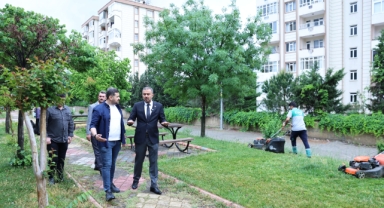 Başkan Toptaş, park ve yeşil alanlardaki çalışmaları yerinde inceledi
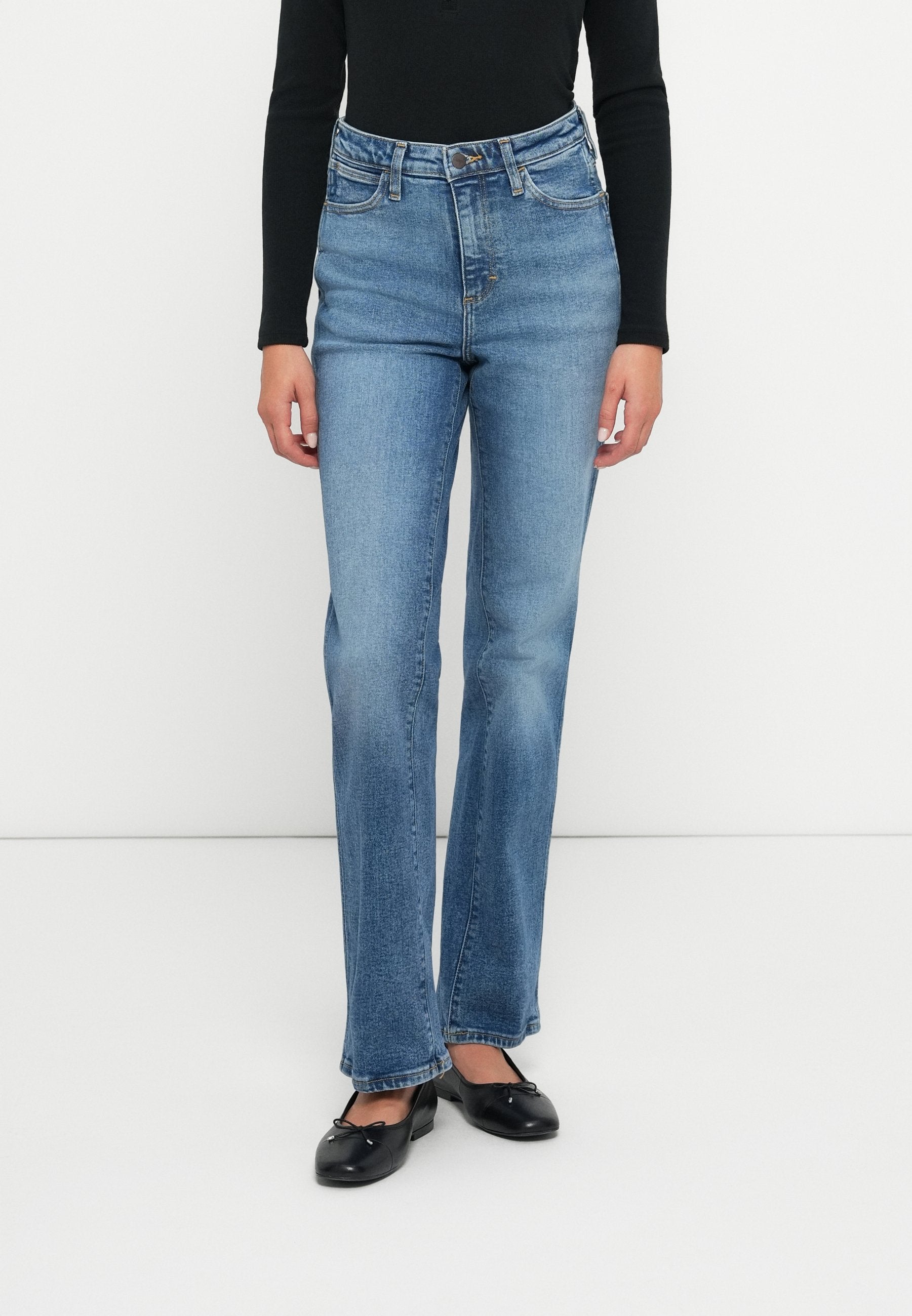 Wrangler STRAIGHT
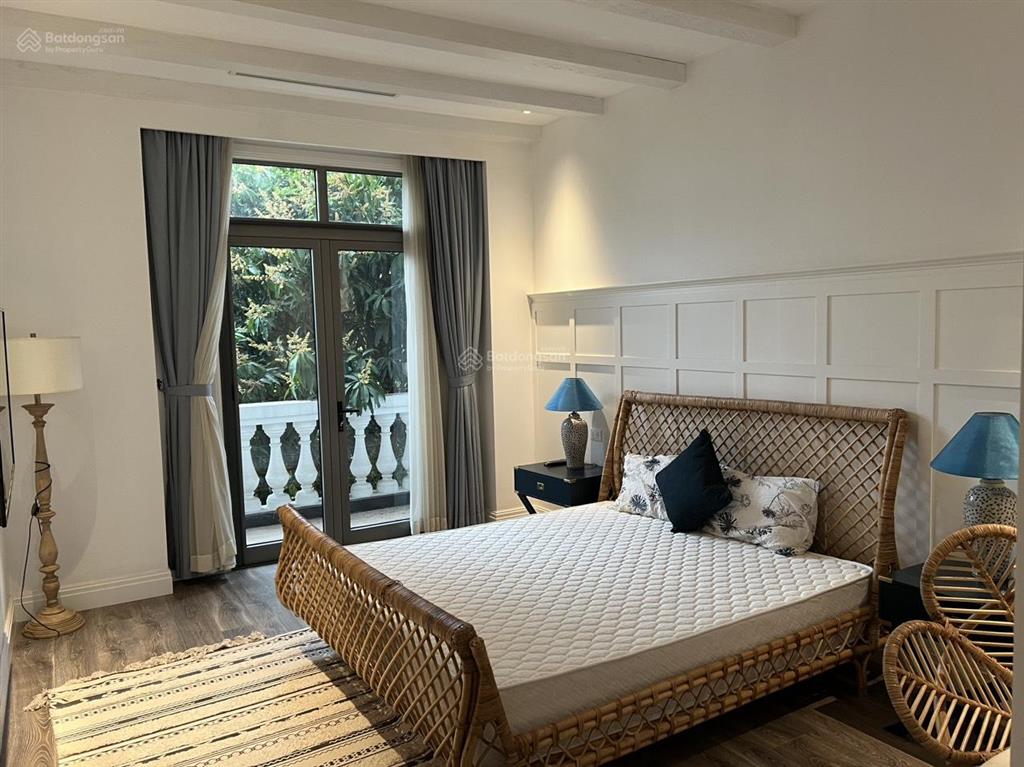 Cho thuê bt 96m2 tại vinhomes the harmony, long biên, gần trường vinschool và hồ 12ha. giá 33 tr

> [YOUR INSTRUCTIONS]: Every line from the one containing "Wrangler STRAIGHT" through the last line of the data, both included, is to be repeated exactly; the pictures are to be left out.

> [SOLUTION]:
 Wrangler STRAIGHT
 Cho thuê bt 96m2 tại vinhomes the harmony, long biên, gần trường vinschool và hồ 12ha. giá 33 tr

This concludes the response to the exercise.